_DESCRIPTION OF THE TASK_
Going line by line through the entries below, tally those that hold the string "marketing". Give only the total.

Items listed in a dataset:
+===+
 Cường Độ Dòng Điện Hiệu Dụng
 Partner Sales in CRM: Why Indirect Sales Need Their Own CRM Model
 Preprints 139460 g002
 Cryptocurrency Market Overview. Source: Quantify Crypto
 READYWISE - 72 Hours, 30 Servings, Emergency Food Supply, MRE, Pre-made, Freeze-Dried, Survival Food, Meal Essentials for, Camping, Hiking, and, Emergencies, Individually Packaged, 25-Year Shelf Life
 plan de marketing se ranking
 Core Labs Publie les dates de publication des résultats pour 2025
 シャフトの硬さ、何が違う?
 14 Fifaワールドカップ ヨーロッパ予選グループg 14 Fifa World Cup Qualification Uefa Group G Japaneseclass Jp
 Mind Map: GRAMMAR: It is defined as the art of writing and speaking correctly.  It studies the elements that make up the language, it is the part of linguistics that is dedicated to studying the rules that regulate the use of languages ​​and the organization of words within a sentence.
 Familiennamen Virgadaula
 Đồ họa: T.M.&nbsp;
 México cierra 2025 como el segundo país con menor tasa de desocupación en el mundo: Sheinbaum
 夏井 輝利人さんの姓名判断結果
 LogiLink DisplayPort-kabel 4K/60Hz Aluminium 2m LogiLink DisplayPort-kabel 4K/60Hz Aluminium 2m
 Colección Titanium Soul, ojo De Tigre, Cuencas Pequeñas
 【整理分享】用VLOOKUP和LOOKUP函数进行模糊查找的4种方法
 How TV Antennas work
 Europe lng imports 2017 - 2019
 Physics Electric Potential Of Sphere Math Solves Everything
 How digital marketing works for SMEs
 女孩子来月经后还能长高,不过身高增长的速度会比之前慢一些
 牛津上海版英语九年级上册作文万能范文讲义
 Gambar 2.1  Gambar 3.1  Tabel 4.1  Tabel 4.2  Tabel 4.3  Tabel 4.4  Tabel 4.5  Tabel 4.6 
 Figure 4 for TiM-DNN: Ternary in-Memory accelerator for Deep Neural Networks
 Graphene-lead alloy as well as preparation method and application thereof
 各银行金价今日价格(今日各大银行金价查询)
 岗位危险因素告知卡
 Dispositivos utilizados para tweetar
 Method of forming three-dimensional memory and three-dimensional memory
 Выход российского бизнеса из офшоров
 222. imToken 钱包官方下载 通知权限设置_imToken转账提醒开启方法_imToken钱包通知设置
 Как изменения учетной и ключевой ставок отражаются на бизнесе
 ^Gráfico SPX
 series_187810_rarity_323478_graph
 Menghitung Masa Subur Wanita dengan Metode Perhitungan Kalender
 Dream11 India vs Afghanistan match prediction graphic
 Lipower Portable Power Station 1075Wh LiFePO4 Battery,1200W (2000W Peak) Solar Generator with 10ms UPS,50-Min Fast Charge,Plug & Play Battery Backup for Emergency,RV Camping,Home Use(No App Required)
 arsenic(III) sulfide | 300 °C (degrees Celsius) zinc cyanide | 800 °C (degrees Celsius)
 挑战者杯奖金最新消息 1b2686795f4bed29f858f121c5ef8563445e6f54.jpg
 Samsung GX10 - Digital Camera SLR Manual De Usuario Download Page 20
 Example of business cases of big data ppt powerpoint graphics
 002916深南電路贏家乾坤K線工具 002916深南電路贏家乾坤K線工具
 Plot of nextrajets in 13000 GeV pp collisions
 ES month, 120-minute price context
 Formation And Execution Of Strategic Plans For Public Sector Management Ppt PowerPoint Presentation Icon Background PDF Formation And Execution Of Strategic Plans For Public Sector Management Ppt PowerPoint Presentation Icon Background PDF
+===+
_RESULT OF THIS TASK_
2